EXERCISE DESCRIPTION: The whole listing is to be restated word for word with no images.

PROVIDED DATA:
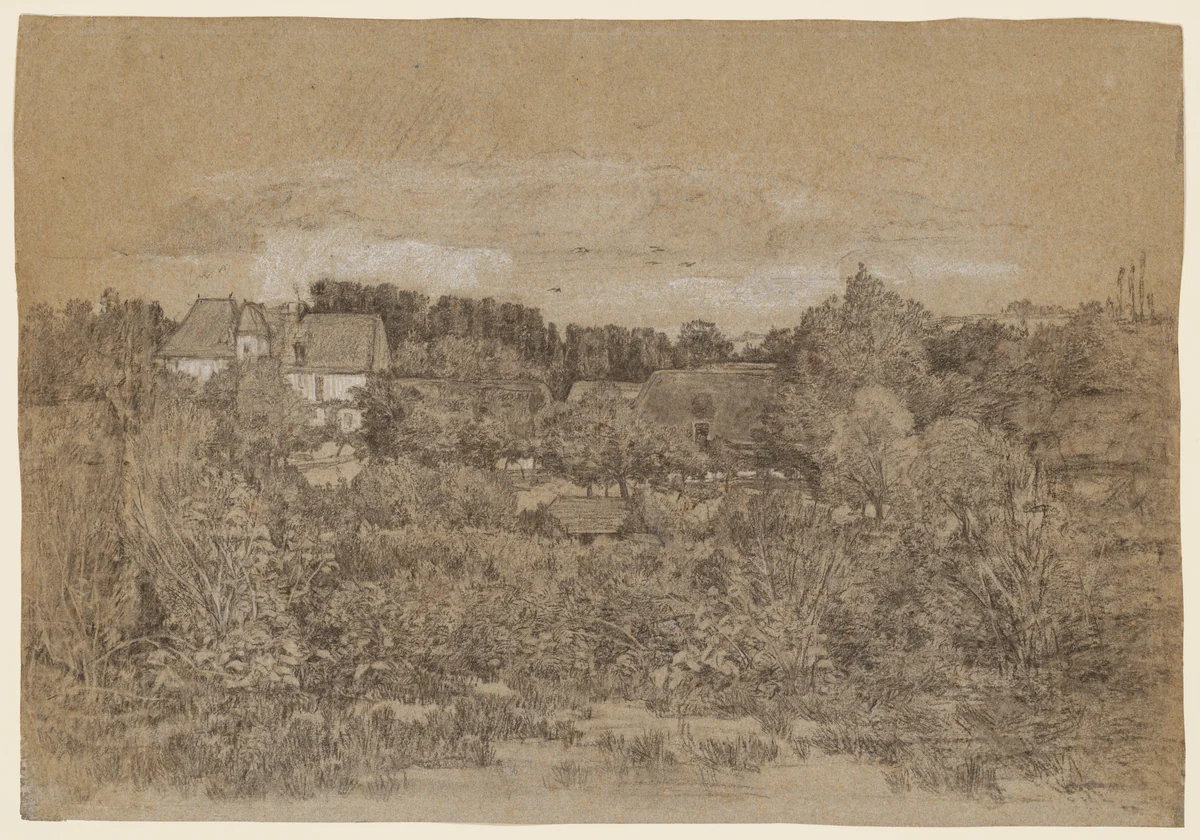 Landscape by Eugène Boudin, drawing, 1850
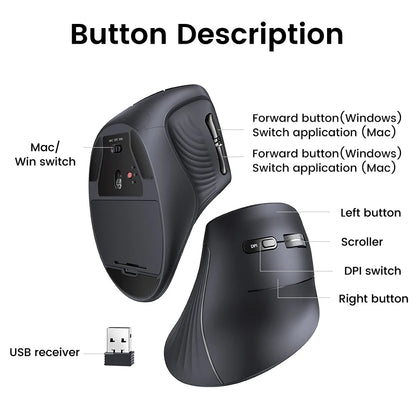 UGREEN Vertical Ergonomic Mouse – Bluetooth 5.0 & 2.4G Wireless, 4000DPI, 6 Silent Buttons, for Mac & PC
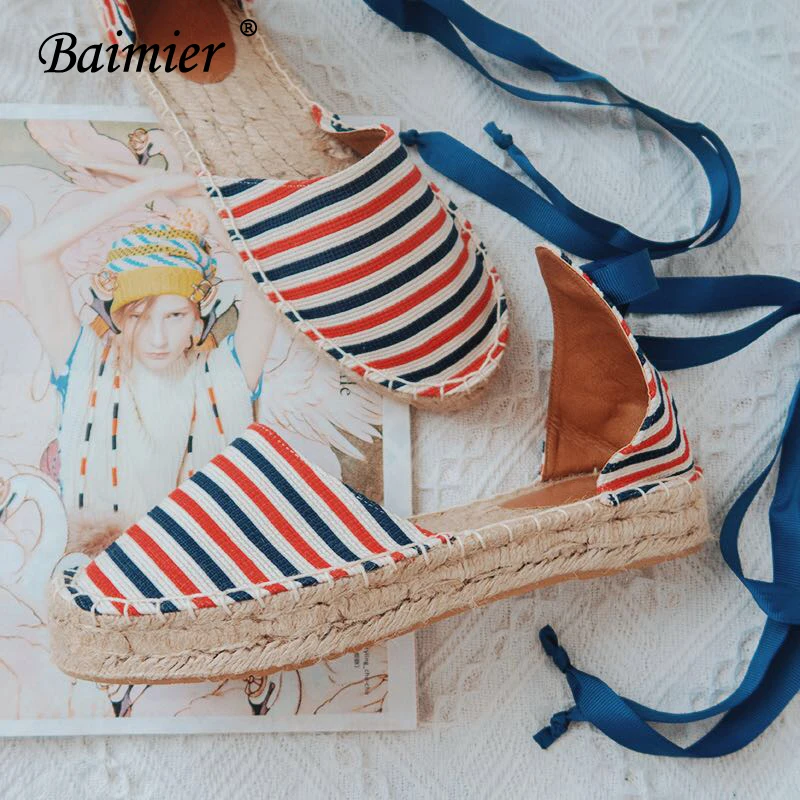Baimier/летние парусиновые эспадрильи Женские полосатые сандалии на плоской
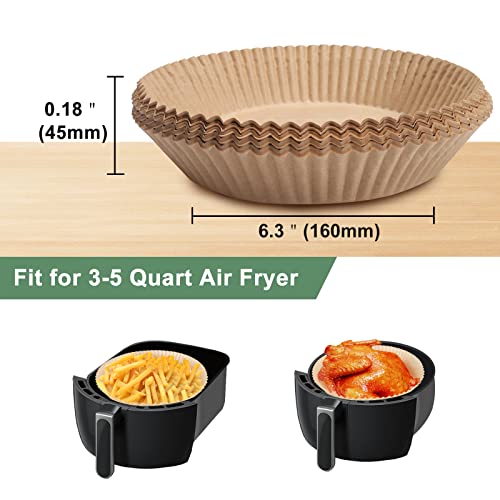 JolyWell Air Fryer Paper Liner, Unbleached & Biodegradable Material, Disposable Non-stick Parchment Paper for Frying, Baking, Roasting & Grilling (100Pcs-6.3") - Image 2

TASK ANSWER:
 Landscape by Eugène Boudin, drawing, 1850
 UGREEN Vertical Ergonomic Mouse – Bluetooth 5.0 & 2.4G Wireless, 4000DPI, 6 Silent Buttons, for Mac & PC
Baimier/летние парусиновые эспадрильи Женские полосатые сандалии на плоской
 JolyWell Air Fryer Paper Liner, Unbleached & Biodegradable Material, Disposable Non-stick Parchment Paper for Frying, Baking, Roasting & Grilling (100Pcs-6.3") - Image 2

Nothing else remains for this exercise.